Corporate Governance Corporate Governance

img_csr_csrrepo_mark_2016

Our Stance to Corporate Governance

We aim to increase operational transparency, achieve sustainable growth and increase our corporate value in line with the basic principles of management set out in The ADVANTEST Way and Code of Conduct, a set of rules and standards of behavior that all executives and employees must observe. We clearly separate decision making and supervising functions from executive functions, enhancing management efficiency and transparency.

Advantest Corporate Governance Policy

Management Structure

The global business environment is changing more rapidly than ever before. To continuously increase our corporate value and competitiveness in today’s world, we emphasize swift decision-making and execution. We also place an emphasis on sound, highly transparent business operations in compliance with relevant laws and regulations. In order to meet these challenges, we draw clear lines of authority within our organization and set responsibilities in accordance with each management function, assigning each role to the best person for the job.

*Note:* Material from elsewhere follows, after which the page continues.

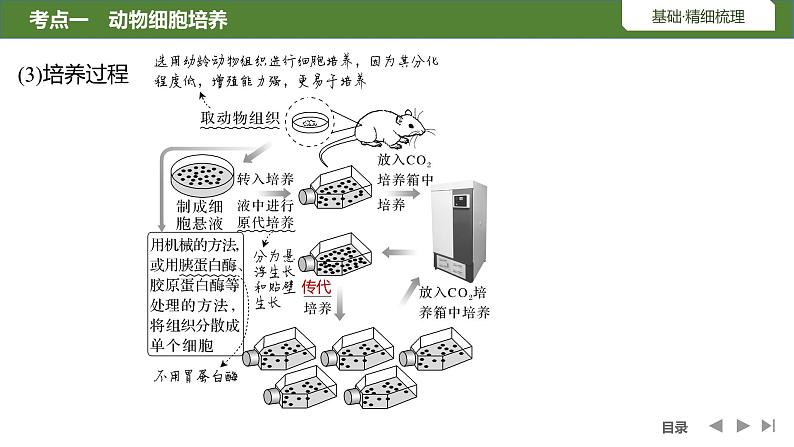 2024年高考生物大一轮选择性必修3复习课件：第47讲　动物细胞工程07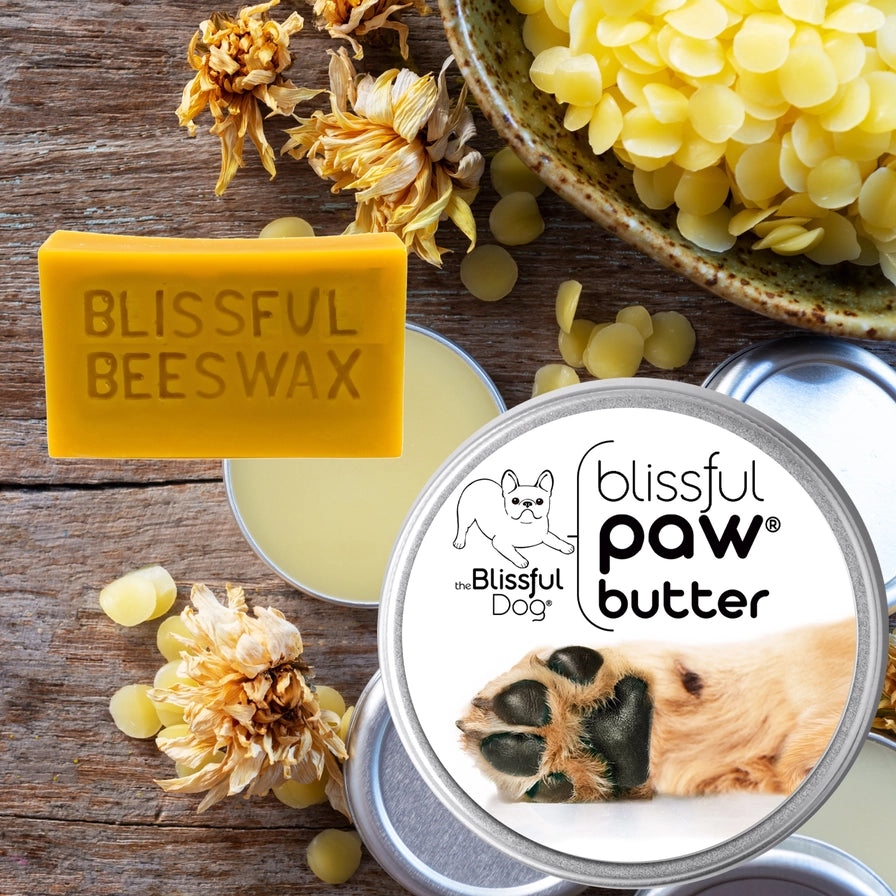 Paw Butter For Rough, Dry Dog Paws in Tins & Tubes, Paw Balm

In line with the revised Companies Act, as from May 1, 2015, Advantest further strengthened its corporate governance and Board of Directors’ audit function under the institution of the newly introduced a company with an audit & supervisory committee, and with the aim of further increasing our company value, from June 24, 2015 we formally transformed into a Company with an Audit & Supervisory Committee. As an organization, we have a Board of Directors, an Audit & Supervisory Committee and an Accounting Auditor. Furthermore we have established a structure that can quickly respond to the rapidly changing business environment, and in order to strengthen our corporate governance, starting from 2003 we introduced an executive officer system.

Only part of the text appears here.